Kevin lo guardò come se avesse appena detto un’eresia. Probabilmente i suoi preziosi strumenti andavano puliti con prodotti specializzati, non aveva mai fatto caso se li vendessero al supermarket.

“Intendevo ripulire la memoria: togliere i programmi inutili e le applicazioni che lo rallentano” provò a chiarire Kevin sempre più rassegnato.

“C’è un modo per farlo?” Finse di stupirsi Nick, guadagnandosi un’occhiata bieca.

“Sto installando un programma per l’occasione. Devi cliccare due volte sull’icona e poi dargli la conferma. Ti sembra troppo difficile?” si informò allontanando il computer da sé e stirandosi sul divano.

“Ti chiamerò se avrò bisogno di una mano” assicurò Nick sedendosi sul bancone di marmo, da cui poteva godere di una perfetta visuale della loro cena che cominciava a sfrigolare. Adorava mettere in chiaro con le piccole cose che i loro appuntamenti non sarebbero finiti improvvisamente: Kevin si limitava a non rispondere, il che equivaleva a un tacito assenso.

L’oggetto dei suoi pensieri si materializzò rapidamente accanto a lui; vista la sua silenziosità e velocità negli spostamenti, Nick aveva iniziato a credere che fosse stato veramente un gatto in una vita passata.

“Cosa c’è lì dentro?” Chiese sporgendosi per osservare la padella.

“Ali di pollo fritte”.

“Ed è assolutamente necessario che producano questo scoppiettio per cuocere?”

“Come fanno a friggersi se l’olio non frigge?” Chiese curioso Nick, mentre balzava giù dalla sua postazione.

Kevin accolse la notizia con una smorfia seccata.

Nick rovistò un po’ sotto il bancone finché non trovò un coperchio della misura giusta. “Possiamo cercare di attutire, però” gli concesse con un sorriso coprendo la padella.

Kevin fissò per un po’ la sua opera e Nick pensò che si fosse seriamente imbambolato quando l’altro prese nuovamente vita e colmò la distanza tra loro, baciandolo.

Nick gli mise le mani sui fianchi e indietreggiò colto alla sprovvista: era il primo bacio in cui era Kevin a prendere l’iniziativa.

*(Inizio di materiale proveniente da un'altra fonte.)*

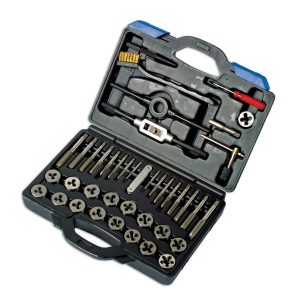 Laser Tool Tap & Die Set 40 piece - 2159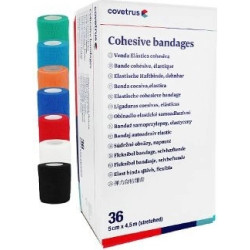 Bandaż elastyczny KWIAT 5cmx4,5m 1 szt. KOLOR LOSOWY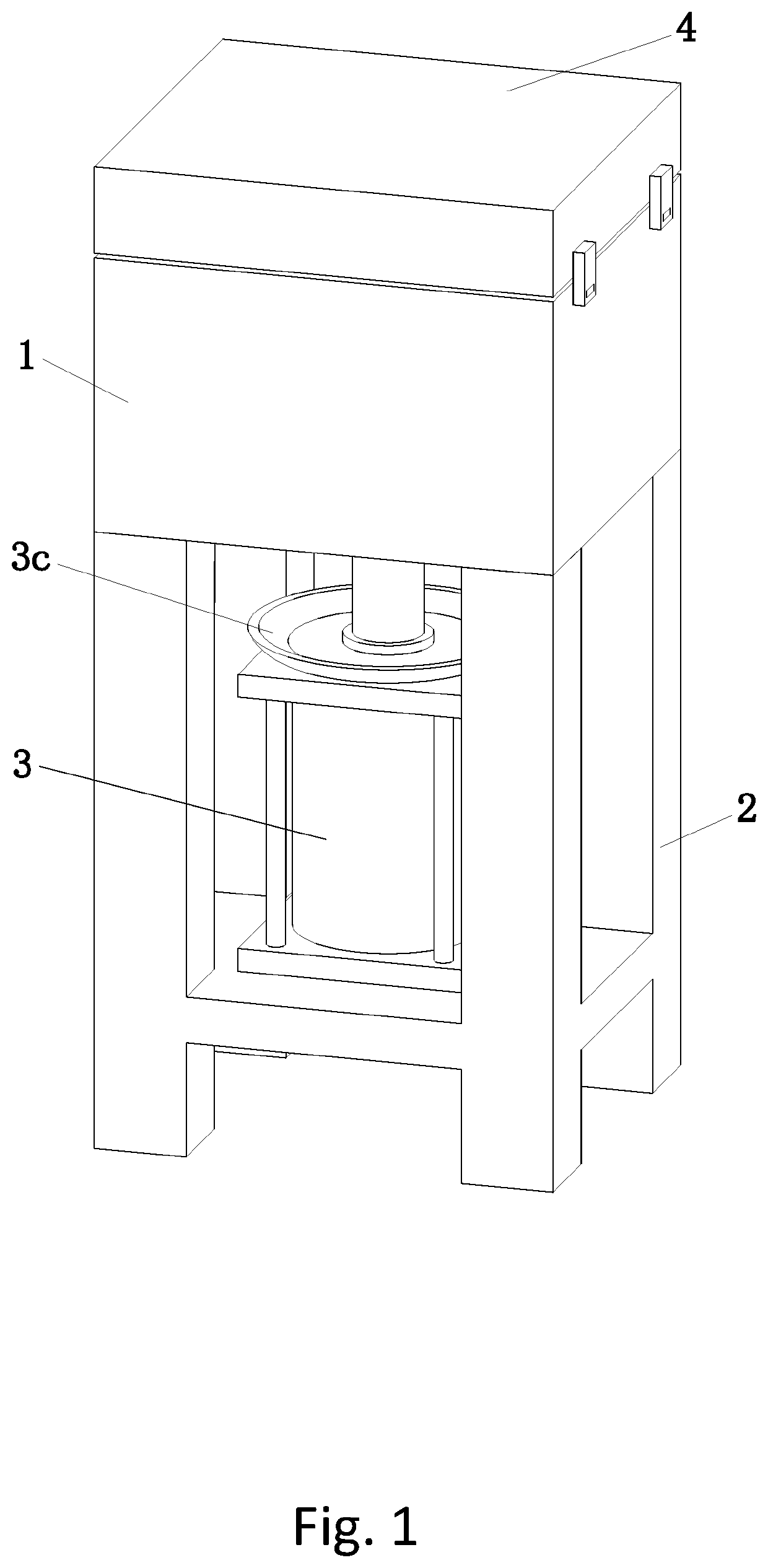 Light and Convenient Pneumatic Device for Preparing Tea Brick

C’erano stati altri baci in quel mese, almeno un paio, ma era sempre stato Nick a cercare l’occasione giusta in cui far avvicinare le loro labbra.

Quando Kevin si staccò da lui lo guardò con un sorriso un po’ imbarazzato e Nick non esitò a rispondergli con uno molto aperto e abbracciandolo nuovamente.

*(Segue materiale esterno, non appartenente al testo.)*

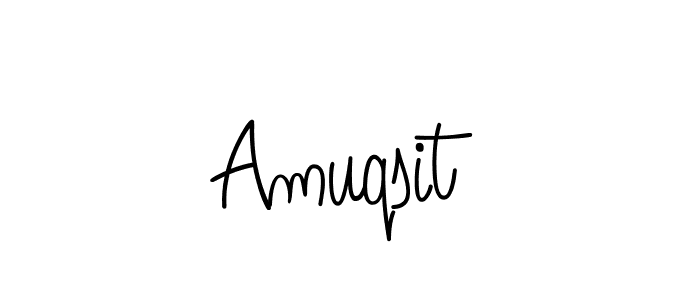 You can use this online signature creator to create a handwritten signature for the name Amuqsit. This is the best online autograph maker. Amuqsit signature style 5 images and pictures png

In quel mese non aveva capito fino in fondo se Kevin continuasse a uscire con lui come amico o perché era davvero interessato. Immaginava avesse bisogno di tempo per capire le sue tendenze e gliene voleva lasciare, tutto quello che avesse voluto. Il pericolo nel fare una cosa simile con un ragazzo come Kevin era vivere col dubbio per molto tempo: non era una persona aperta e Nick sapeva che, se avesse voluto qualcosa di più ufficiale, avrebbe dovuto chiederlo lui stesso. Ma non voleva chiedere finché l’altro non fosse stato sicuro almeno del tipo di persona che lo attraeva.

Insomma, un circolo vizioso. Ma forse Kevin ora era sicuro.

Dopo un mese, Nick sentì che quella era la serata giusta per affrontare ciò che stava accadendo tra loro due. Non in modo diretto o Kevin sarebbe fuggito a gambe levate, ma alla lontana.

Lo tenne stretto ancora un po’, affondando nel cappuccio della felpa che l’altro indossava. Kevin cercò debolmente di liberarsi ma Nick rise e lo strinse più forte, finché l’altro non capì che qualunque resistenza sarebbe stata vana e si abbandonò quasi a peso morto tra le braccia dell’altro con un sospiro.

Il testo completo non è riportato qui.